I attach a pic of the Swedish hussar m/1759 sabre. This is quite attractive in my opinion, and I was tempted to buy one but decided to focus on the original Austro-Hungarian style instead. Note the presence of langets. Absence of langets often suggest (but not exclusively) an artillery sword. On your sword I also note the unusual counter guard on the side. Have you ever considered the possibility that the sabre might be...Mexican??

----------


## Glen C.

It is interesting that you would bring up the Mexican connection, as it was a standing joke here for awhile.  The heart counterguard on mine appears over the course of two centuries and has been seen on everything from an English silversmith, to the East India Co, to US Ancient&Honorable Artillery sabers of the 1880s.  However, the sabre I pictured was acquired from a European dealer sold to an Englishman, then me.  Confirmed as likely Swedish and the 1750 period in a session at the Higgins with the director and curator, and then only after opening a thick volume (I do not recall the book). The text was regarding hussar hilted swords with counterguards and imported German blades.
http://www.swordforum.com/vb4/showth...s-and-thoughts

The Mexican chuckle began with the ring hilted vaquero saddle swords and then became a standard response for awhile re any unidentifiable.

Cheers
GC

I have an ebony hussar hilt with the remains of a similar counterguard

----------


## Ivan B.

Glen,

I don't think that any Swedish weapon expert would attribute your sword as Swedish. Swedish society always was very conservative, and army wasn't an exception. People do this, wear this and carry this, not that; people do not break the Law of Jante. 
Overall style totally contradicts even to Gustavian swords, not talking about Adolf Fredrik period. 
I would say it's British, or may be Dutch

----------


## Magnus K

I found a Dutch horseman’s sabre allegedly dating to around 1660-90 with a similar thumb ring, and heart shaped guard plate (now missing) compared to my sword. I also found a German felddegen allegedly dating to around 1680 with a similar groved brasswire covered grip.

----------


## Glen C.

> Glen,
> 
> I don't think that any Swedish weapon expert would attribute your sword as Swedish. Swedish society always was very conservative, and army wasn't an exception. People do this, wear this and carry this, not that; people do not break the Law of Jante. 
> Overall style totally contradicts even to Gustavian swords, not talking about Adolf Fredrik period. 
> I would say it's British, or may be Dutch


Thanks Ivan, I'll definitely take your thoughts into consideration.  What date would you place on it?

Cheers
GC

----------


## Ivan B.

> Thanks Ivan, I'll definitely take your thoughts into consideration.  What date would you place on it?
> 
> Cheers
> GC


I would say 1770-1790, with blade made by Weyersberg just after he bought trade mark from Wundes.

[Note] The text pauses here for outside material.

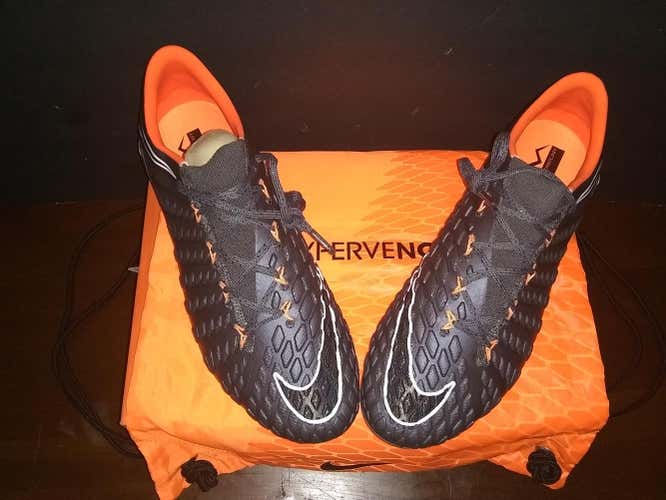 New Nike Hypervenom Phantom 3 Elite Cleats
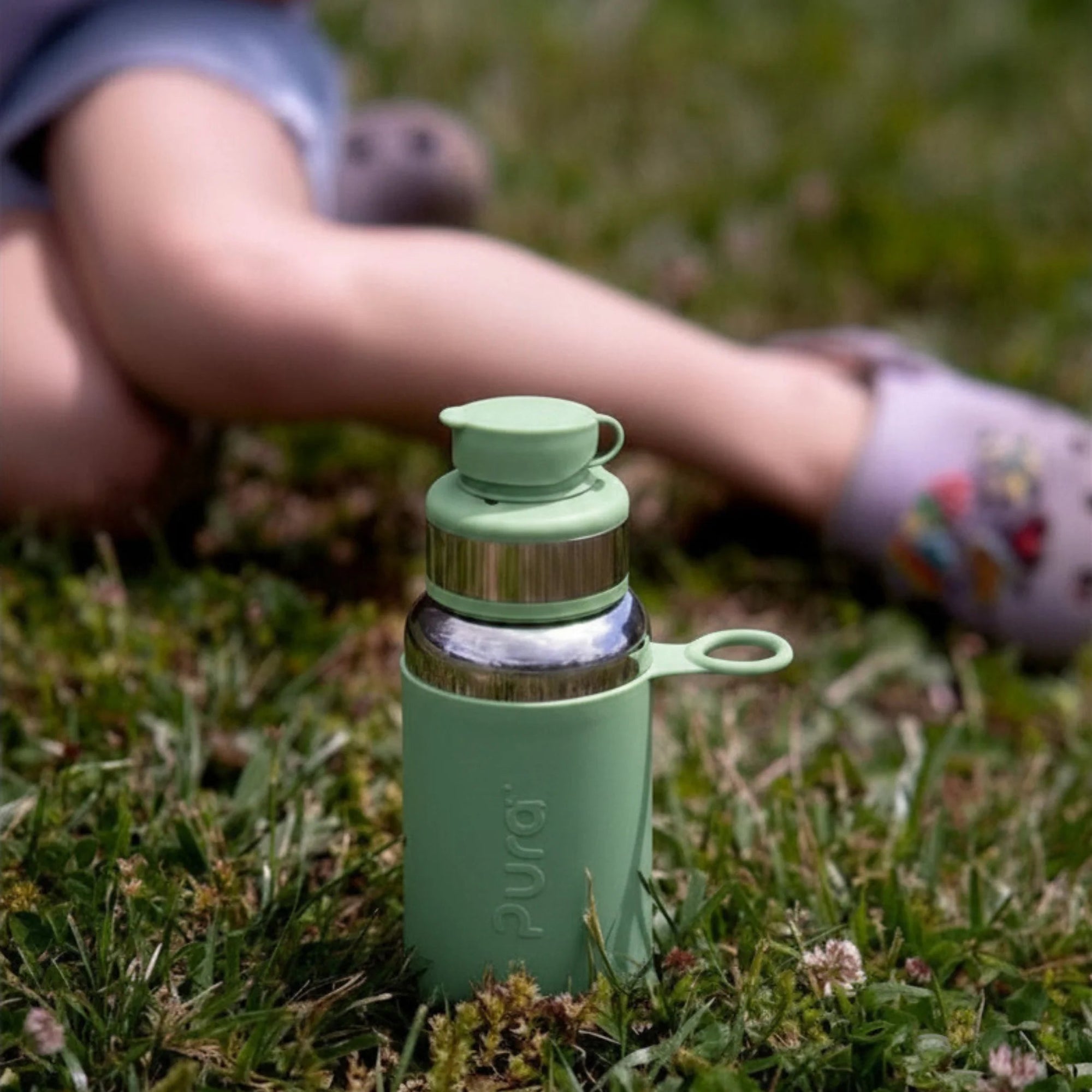 Pura sportsflaske 550 ml -Moss- fra Lev Logisk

Regarding Swedish swords - they have everything different. Blades are different (German blades are rare, single narrow fuller is very uncommon), hilts are different and, most important, material is different. I did not recall if I ever seen Swedish officer's sword with steel hilt. It's always brass, gilded brass. Steel hilts were only for troopers.

Best regards,
Ivan

----------


## Ivan B.

Magnus,

You can find similar swords with guard plate from one side and thumb ring from another side in different countries and in different museums. I also have one.
But the vast majority of those swords can be found in Central Europe - Budapest, Vienna, Prague. 
Ambras castle in Austria, near Innsbruck, has plenty of completely identical swords with the same Wundes blades, same guards and even identical wire wire wrap. I think, this allowed to attribute them to Austrian heavy cavalry from Habsburg's mountain heartland. Dated around 1650 - 1700. 

Mvh,
Ivan

----------


## Ivan B.

Yes, and I have forgot to mention grooved grips on those swords; you can clearly see it on mine

----------


## Glen C.

The Ambras wall display shows examples with the plates on both sides.

RE Weyersburg vs Wundes, I must have an extraordinary example of a blade, as I would imagine having encountered many examples of the blade type with this mark if that late in the century.  Indeed extraordinary, whether Wundes or Weyersburg.

Good notes on the brass vs steel hilts, thanks.

Cheers
GC

My felddegen sword
http://www.swordforum.com/vb4/showth...-Screws-Or-Not

----------


## Magnus K

Hej Ivan,

Great sword! I like the guard plate with what looks like a relief of the Green Man. Quite baroque. Interesting to observe the grooves on the grip just like mine.

----------


## Ivan B.

Thanks Magnus

Here is an example of completely identical lovassági kard (with the same guard, plate, grooved grip and blade by Wundes János) from Hungarian book by Lugosi and Temesváry. I assume, this sword is in Budapest history museum.

----------


## Ivan B.

> The Ambras wall display shows examples with the plates on both sides.


Glen,

Are you sure about this? From the picture I would say that swords are identical to mine, with plates from one side.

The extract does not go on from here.